Robert Bruce Crane
1857 - 1937
Born in New York City in 1857, Robert Bruce Crane embraced two artistic movements of the late nineteenth century – the Barbizon school and tonalism. By the 1870s, the Barbizon movement had found its way to America where it quickly supplanted the more representational works of the Hudson River School painters. The leading American exponent of the Barbizon School, George Inness, began his artistic career as part of the later Hudson River School, but moved by his preference for what he termed “civilized landscapes” – those that showed signs of human occupation – and his determination to express his religious conversion to the tenets of Emanuel Swedenborg through his art, he soon turned to a more individualized and expressive mode of painting that in many ways prefigured the abstract expressionism of the 20 th century. Young followers like Robert Bruce Crane, while less attracted to the Swedenborgian movement, nevertheless embraced Inness's dictum that “the highest beauty and truest value of landscape painting are in the sentiment and feeling which flows from the mind and heart of the artist.”
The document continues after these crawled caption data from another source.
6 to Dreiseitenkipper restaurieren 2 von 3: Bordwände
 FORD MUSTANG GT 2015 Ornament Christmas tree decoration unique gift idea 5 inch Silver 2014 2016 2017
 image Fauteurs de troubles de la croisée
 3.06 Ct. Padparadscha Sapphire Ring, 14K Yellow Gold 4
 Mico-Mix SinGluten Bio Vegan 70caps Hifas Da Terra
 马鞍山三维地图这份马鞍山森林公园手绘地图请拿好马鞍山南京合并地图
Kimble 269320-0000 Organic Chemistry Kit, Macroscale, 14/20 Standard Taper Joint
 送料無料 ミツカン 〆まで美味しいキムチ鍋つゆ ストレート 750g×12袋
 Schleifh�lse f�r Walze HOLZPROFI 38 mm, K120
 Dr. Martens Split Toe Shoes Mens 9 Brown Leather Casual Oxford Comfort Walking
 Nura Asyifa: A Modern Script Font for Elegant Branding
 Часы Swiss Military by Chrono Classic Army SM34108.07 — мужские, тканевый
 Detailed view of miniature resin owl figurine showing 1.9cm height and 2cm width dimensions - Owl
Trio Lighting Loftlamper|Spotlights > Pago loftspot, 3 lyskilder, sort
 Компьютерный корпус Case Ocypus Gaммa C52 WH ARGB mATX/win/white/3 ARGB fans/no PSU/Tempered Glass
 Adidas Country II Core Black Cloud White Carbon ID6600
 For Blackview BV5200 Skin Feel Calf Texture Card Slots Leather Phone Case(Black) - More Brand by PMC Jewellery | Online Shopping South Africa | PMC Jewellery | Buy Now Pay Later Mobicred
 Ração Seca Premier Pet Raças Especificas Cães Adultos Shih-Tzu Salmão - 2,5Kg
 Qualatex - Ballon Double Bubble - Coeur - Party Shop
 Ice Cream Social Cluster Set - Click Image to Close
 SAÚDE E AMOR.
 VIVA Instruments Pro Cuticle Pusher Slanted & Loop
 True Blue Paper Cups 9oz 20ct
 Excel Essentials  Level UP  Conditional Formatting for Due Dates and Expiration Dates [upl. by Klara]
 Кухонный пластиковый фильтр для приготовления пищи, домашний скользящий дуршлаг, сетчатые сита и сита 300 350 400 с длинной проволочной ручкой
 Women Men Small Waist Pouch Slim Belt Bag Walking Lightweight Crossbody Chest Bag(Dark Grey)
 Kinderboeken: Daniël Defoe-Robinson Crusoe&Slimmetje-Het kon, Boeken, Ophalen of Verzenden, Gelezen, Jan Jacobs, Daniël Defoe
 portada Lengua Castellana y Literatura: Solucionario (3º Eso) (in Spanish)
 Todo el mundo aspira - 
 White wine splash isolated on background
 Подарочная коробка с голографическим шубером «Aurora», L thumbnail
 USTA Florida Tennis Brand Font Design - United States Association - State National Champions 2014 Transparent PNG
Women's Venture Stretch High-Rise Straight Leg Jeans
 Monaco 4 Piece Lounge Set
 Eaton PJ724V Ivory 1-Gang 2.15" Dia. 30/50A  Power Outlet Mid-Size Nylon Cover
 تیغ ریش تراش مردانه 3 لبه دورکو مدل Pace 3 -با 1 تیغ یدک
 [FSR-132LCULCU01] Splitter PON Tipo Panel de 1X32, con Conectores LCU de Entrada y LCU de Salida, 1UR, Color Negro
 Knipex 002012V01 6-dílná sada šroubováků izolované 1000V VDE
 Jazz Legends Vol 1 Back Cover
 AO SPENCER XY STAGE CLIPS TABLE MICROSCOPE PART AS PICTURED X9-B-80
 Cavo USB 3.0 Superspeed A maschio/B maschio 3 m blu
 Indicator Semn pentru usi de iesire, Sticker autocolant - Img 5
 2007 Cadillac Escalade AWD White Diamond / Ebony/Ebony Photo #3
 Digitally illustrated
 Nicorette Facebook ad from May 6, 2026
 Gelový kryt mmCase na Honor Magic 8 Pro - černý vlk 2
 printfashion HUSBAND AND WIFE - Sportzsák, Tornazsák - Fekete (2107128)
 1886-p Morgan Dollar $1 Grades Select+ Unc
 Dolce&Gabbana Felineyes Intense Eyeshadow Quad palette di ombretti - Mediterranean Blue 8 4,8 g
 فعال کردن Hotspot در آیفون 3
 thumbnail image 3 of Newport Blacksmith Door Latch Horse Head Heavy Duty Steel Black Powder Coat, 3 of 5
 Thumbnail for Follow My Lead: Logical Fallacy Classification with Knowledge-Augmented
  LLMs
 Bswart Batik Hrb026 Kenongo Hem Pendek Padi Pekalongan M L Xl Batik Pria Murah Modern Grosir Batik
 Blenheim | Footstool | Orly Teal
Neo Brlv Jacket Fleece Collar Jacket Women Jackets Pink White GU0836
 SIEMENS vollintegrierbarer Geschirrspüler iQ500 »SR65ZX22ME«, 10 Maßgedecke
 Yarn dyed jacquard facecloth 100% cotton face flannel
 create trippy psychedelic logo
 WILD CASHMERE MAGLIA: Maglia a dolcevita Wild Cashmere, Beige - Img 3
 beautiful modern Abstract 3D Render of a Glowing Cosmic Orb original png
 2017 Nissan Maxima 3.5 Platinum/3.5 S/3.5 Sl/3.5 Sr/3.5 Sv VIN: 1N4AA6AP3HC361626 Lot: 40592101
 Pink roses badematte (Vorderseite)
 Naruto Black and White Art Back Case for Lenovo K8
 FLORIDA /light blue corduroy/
Crane studied in Paris in the late 1870s and, on his return to America , began painting landscapes en plain air. He won the Webb Prize given by the Society of American Artists for a Barbizon-style landscape in the 1890s. After 1904, he spent most summers painting at the Old Lyme colony in Connecticut , though it was largely associated with Impressionism. During that period, Crane began to make the turn to tonalism, using beige, russet and brown tones to achieve an autumnal effect in his paintings. In 1915, he joined several other notable landscape painters to establish Twelve Landscape Painters, an organization created for exhibition purposes. He died in Bronxville , New York in 1937.